## Task details
The whole listing below needs to be duplicated exactly, pictures aside.

## Supplied records
------------------------------------------------

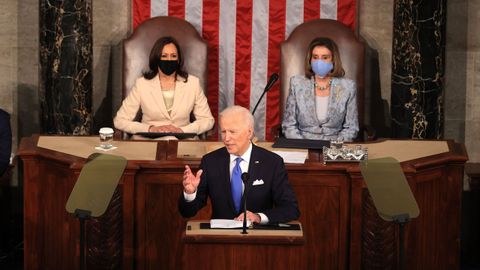 Kamala Harris y Nancy Pelosi hicieron historia, y Biden no dud� en rendir homenaje: �Se�ora presidenta, se�ora vicepresidenta� 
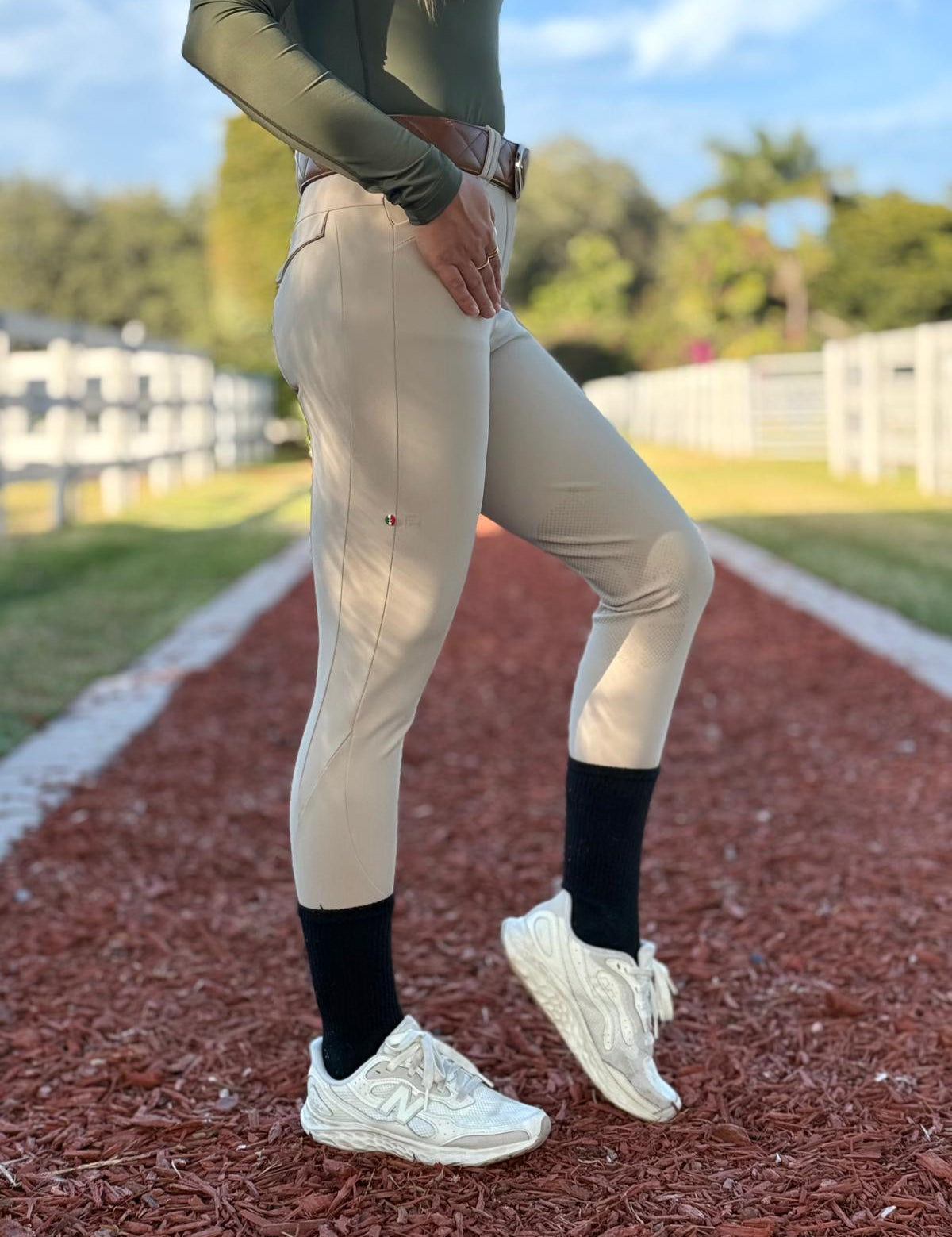 For_horses_petra_breeches_beige_side.jpg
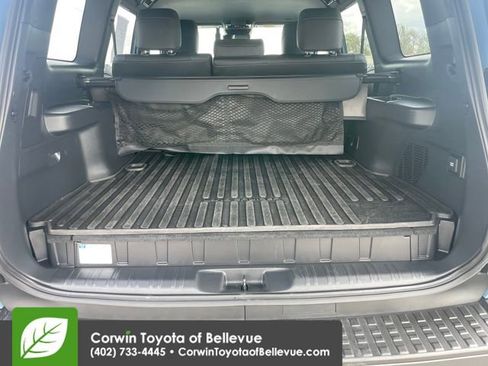 Used 2024 Toyota Land Cruiser image 29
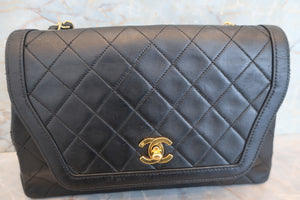 CHANEL Matelasse chain shoulder bag Lambskin Black/Gold hadware Shoulder bag 700100025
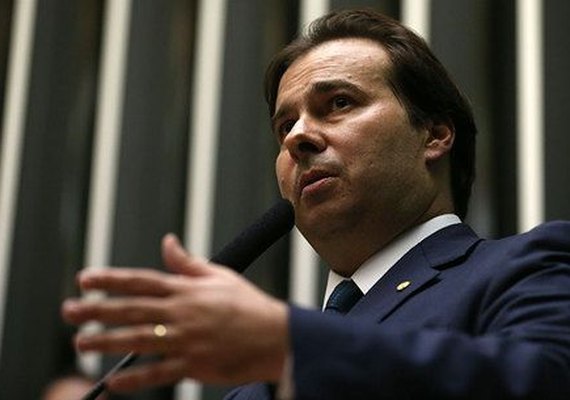 Rodrigo Maia diz que momento político pede tranquilidade e prudência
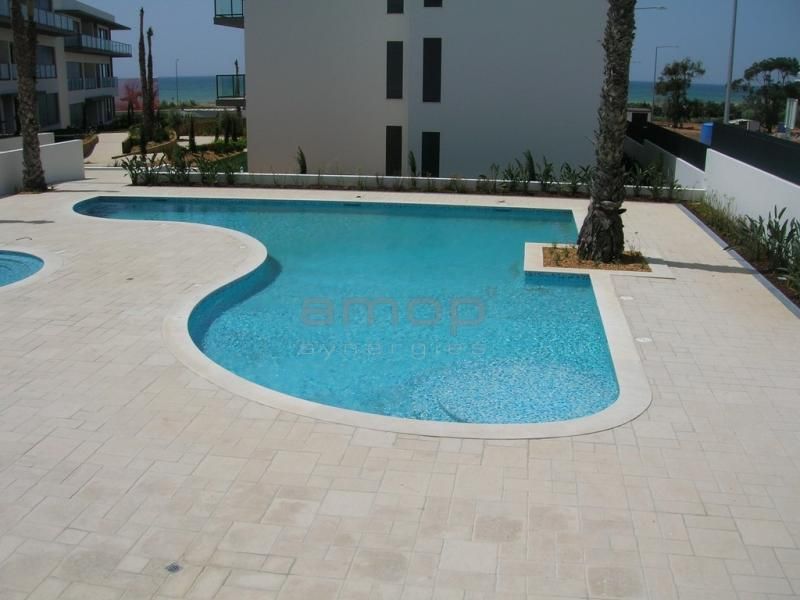 Inovstone Bujardado, Amop Amop Piscinas de estilo moderno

------------------------------------------------

## Exercise solution
 Kamala Harris y Nancy Pelosi hicieron historia, y Biden no dud� en rendir homenaje: �Se�ora presidenta, se�ora vicepresidenta� 
 For_horses_petra_breeches_beige_side.jpg
 Used 2024 Toyota Land Cruiser image 29
 CHANEL Matelasse chain shoulder bag Lambskin Black/Gold hadware Shoulder bag 700100025
 Rodrigo Maia diz que momento político pede tranquilidade e prudência
 Inovstone Bujardado, Amop Amop Piscinas de estilo moderno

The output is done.